La Face B: Were you on your own or with friends?
Feux : In the beginning, I was alone at home, on GarageBand. I had a friend who created prods, and that’s what I started with. I recorded five or six tracks that I put on SoundCloud, but for nearly six months I didn’t tell anyone about it. It was really a personal project.
Later, I started using my school’s studio to put together a small project. Then I moved to Glasgow, and that’s where I had more opportunities to do small concerts and meet other artists. Things developed gradually from there. Then, with the Covid pandemic, I had to leave university to return to London, which gave me a lot of time to devote myself fully to my projects and work on my music.
La Face B: When you started out, I get the impression that it was very hip-hop, almost Boom Bap. Now we see that you’ve touched on lots of different styles. How would you define yourself today?
Feux: That’s something I’m still discovering. When I started out in music, Boom Bap was what I liked best. I think these days rap is a pretty accessible gateway into music. My older brother listened to a lot of rap and introduced me to a lot of hip-hop, mainly Boom Bap; never anything very modern or fast. So I had the impression that doing Boom Bap was a bit unique. Over time, I found that it could become a bit repetitive. That’s when I started to find my voice, to sing more and to mix rap and singing. Five or six years later, I’m still experimenting to find what I like best. My next project will reflect this evolution in my musical tastes over the years. Often an artist wants to be known for a particular style, but sometimes you have to evolve. I started out exploring a lot of different styles, singing and rapping… and now I feel the need to consolidate all that.
La Face B: It’s true that your style is very varied. It wasn’t easy to categorise you at first, but on your latest sounds, even visually, I get the impression that it’s becoming more… compact.

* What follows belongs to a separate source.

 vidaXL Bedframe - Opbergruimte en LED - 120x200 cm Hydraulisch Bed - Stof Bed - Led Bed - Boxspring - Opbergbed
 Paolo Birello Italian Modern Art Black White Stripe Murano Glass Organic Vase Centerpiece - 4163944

Feux: Yes, it’s all coming together. I’m pleased to hear that. I tend to go in all directions, so it’s important for me to be able to define myself, and that’s what I’m trying to do at the moment.
La Face B: You said you were mainly into boom bap at the beginning. Do you listen to any new genres these days? What inspires you?

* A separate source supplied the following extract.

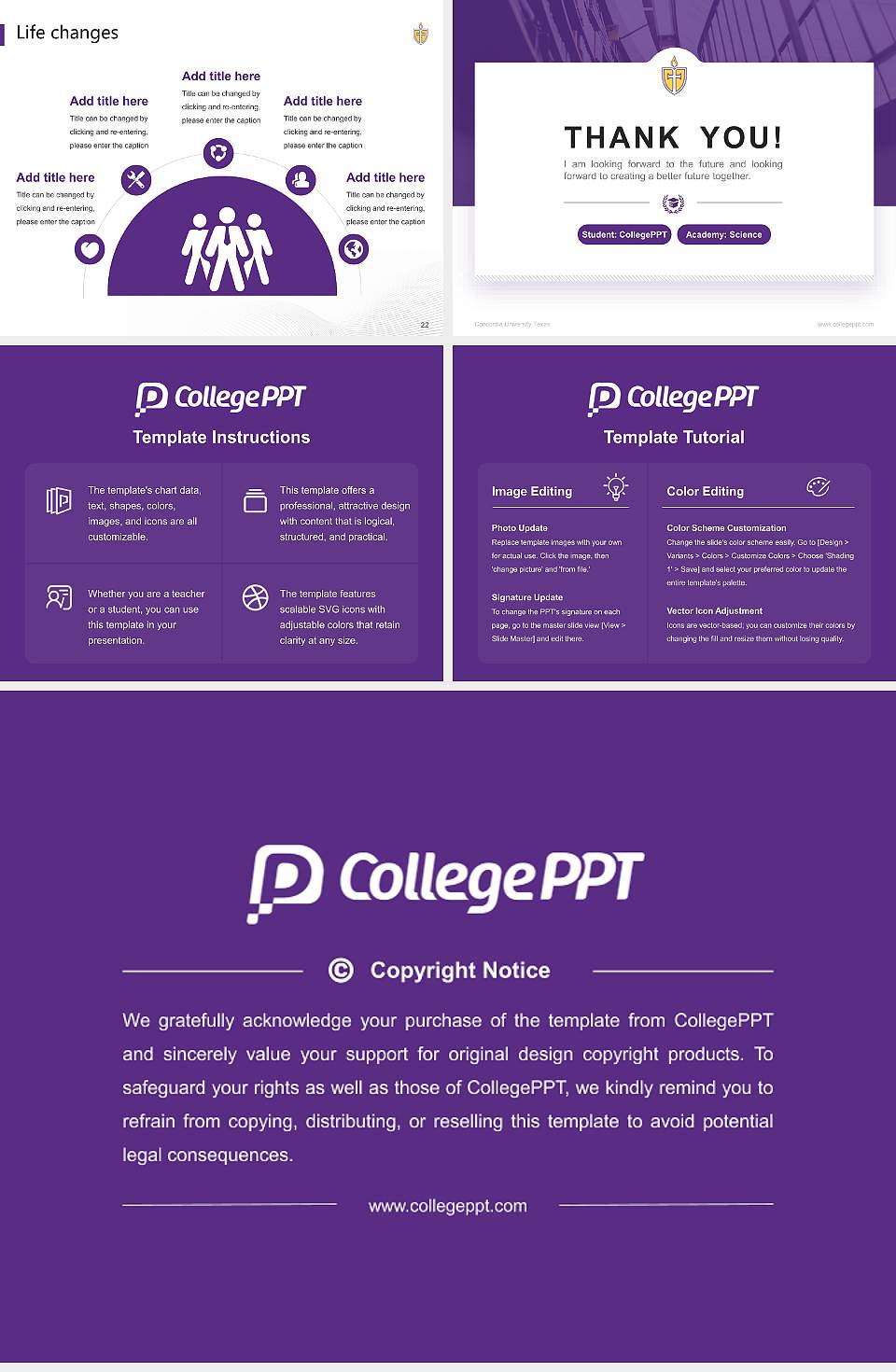 Concordia University Texas National Scholarship Defense PPT Template4:3 ratio PPT effect preview image4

Feux: My playlist contains about 5,000 tracks, which goes some way to explaining why I find it hard to confine myself to a single style. The spectrum of what I listen to is immense. Honestly, I find it quite difficult to answer these questions. Inspiration can come from anywhere. It could be a bee on a flower, it’s a bit poetic to say that, but that’s the idea. Just seeing something can inspire me. Sometimes I write songs based on the experiences of people close to me. When you don’t necessarily have something to say about yourself, you can draw inspiration from other people’s lives. Musically, my mother played classical piano.

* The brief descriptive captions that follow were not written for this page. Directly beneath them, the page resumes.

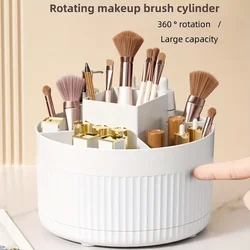 360° Rotating Makeup Storage Box White Large Capacity Desktop Makeup Organizer Home Cosmetic Brush Holder Lipstick Pencil Holder
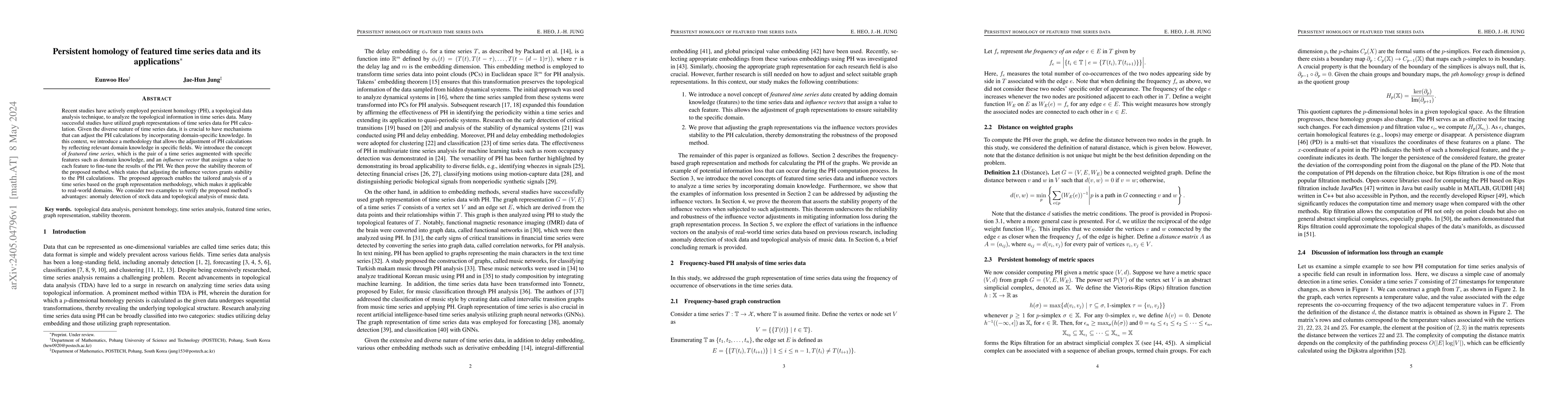 Thumbnail for Persistent homology of featured time series data and its applications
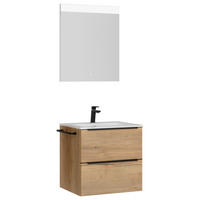 BADEZIMMER  in 61 cm  - Eichefarben/Schwarz, MODERN, Holzwerkstoff/Stein (61cm) - Nobilia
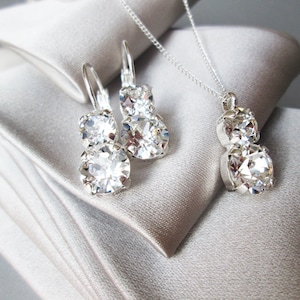 Crystal jewelry set, Bridal Premium European Crystal earrings necklace set, Rhinestone Bridesmaids jewelry set in gold, silver, rose gold,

La Face B: Was she your first inspiration?
Feux : Not really her, but rather the feeling that her music gave. Pure emotion, no words, just the music. That was probably my first inspiration.
La Face B: Coming back to French, how do you choose what to say in that language? Are there things that are easier to express in French than in English?
Feux: That’s an excellent question. The answer will come soon… In fact, I recorded a song entirely in French a fortnight ago.
La Face B: Oh yes, 100% in French?
Feux: Yes, and I also produced the instrumental. But that’s a different kettle of fish, it’s another beast as they say in English. To reach the level I’m aiming for as an artist who expresses himself in French, it’s going to take me a long time, maybe four years. I deliberately put myself in situations that force me to evolve. It’s difficult… It’s often said that we think in one language. Honestly, I couldn’t say for sure, but for me it’s probably English.
La Face B : And finally, what’s next for you?
We’re working on several projects. In fact, we’ve just released a new single, « From the Start », which I created in 2022.